Introduction

Underneath many applications in real life like robotics, crytography, error correcting codes etc are certain basic computational tasks like gcd computation, factoring etc. This course is a study on such computational problems and the algorithms for them. We build on the necessary background from algebra and use it to give rigorous analysis of the performance of these algorithms.

Contents

The following topics will be covered in this course

  1. Basic algorithms for arithmetic, addition, multiplication and modular arithmetic. (4 lectures)

  2. Euclid's algorithm, Chinese Remainder theorem and applications to problems like determinant computation, Gaussian elimination. (6 lectures)

  3. Fields, Finite fields, Field of rationals, Polynomial factorisation over finite fields (6 lectures)

  4. Hensel lifting and application to bivariate factoring (4 lectures)

  5. Shortest vector problem and LLL algorithm. Application to factorisation of polynomial over rationals. (5 lectures)

  6. Applications of polynomial factorisation. (5 lectures)

  7. Multivariate system of polynomial equation and Grobner basis (7 lectures)

  8. Algorithms from number theory and cryptography (5 lectures).

Pre-requisites

None. The course will start from the very basics.

Learning Outcomes

  1. To state and analysis algorithms for tasks like arithmetic, factorisation.

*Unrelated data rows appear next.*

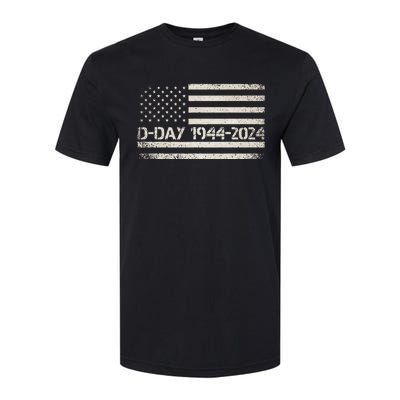 Dday 80th Anniversary 19442024 Normandy Us Flag D Day Softstyle CVC T-Shirt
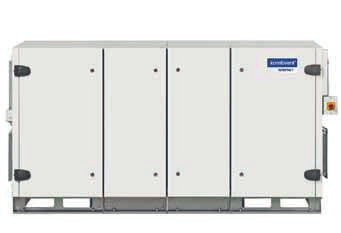 Kompakt REU KOMPKT REU 000 Panelvastagság 45 mm Tömeg Névleges légmennyiség 800 (2/2/280) kg 000m³/h Tápfeszültség 3~ 400 V Maximális üzemi áramfelvétel 9,6 Festés színe RL 035 Szabályozó automatika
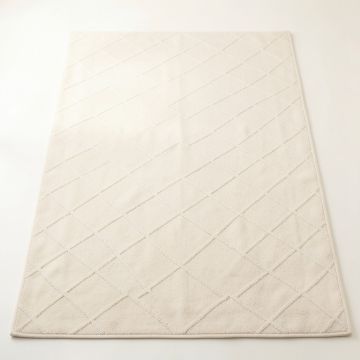 Juniper Brook Rectangular Area Rug - Ivory (synthetic illustration; no displayed measurements)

  2. To apply the algorithms learned to tasks in cryptography, number theory etc.

Textbooks

  1. Modern Computer Algebra. Joachim von zur Gathen and Jurgen Gerhard. Cambridge University press, 2013. ISBN: 978-0521826464

References

  1. Algorithmic Algebra. Bhubaneswar Mishra. Springer 1993, ISBN-10: 0387940901, ISBN-13: 978-0387940908

  2. Ideal, Varities and Algorithms. David A. Cox, John Little, Donal O’Shea. Springer 2008. ISBN: 978-3-319-16721-3

  3. An Introduction to Grobner Bases. Philippe Loustaunau, William W. Adams. American Mathematical Society, 1994 ISBN-10: 0821838040, ISBN-13: 978-0821838044

Past Offerings

  • Offered in Jan-May, 2023 by Piyush P. Kurur

Course Metadata

Item Details
Course Title Computational Algebra and Number Theory
Course Code CS5634
Course Credits 3-0-0-3
Course Category PME
Proposing Faculty Piyush P Kurur
Approved on Senate 22 of IIT Palakkad
Course status New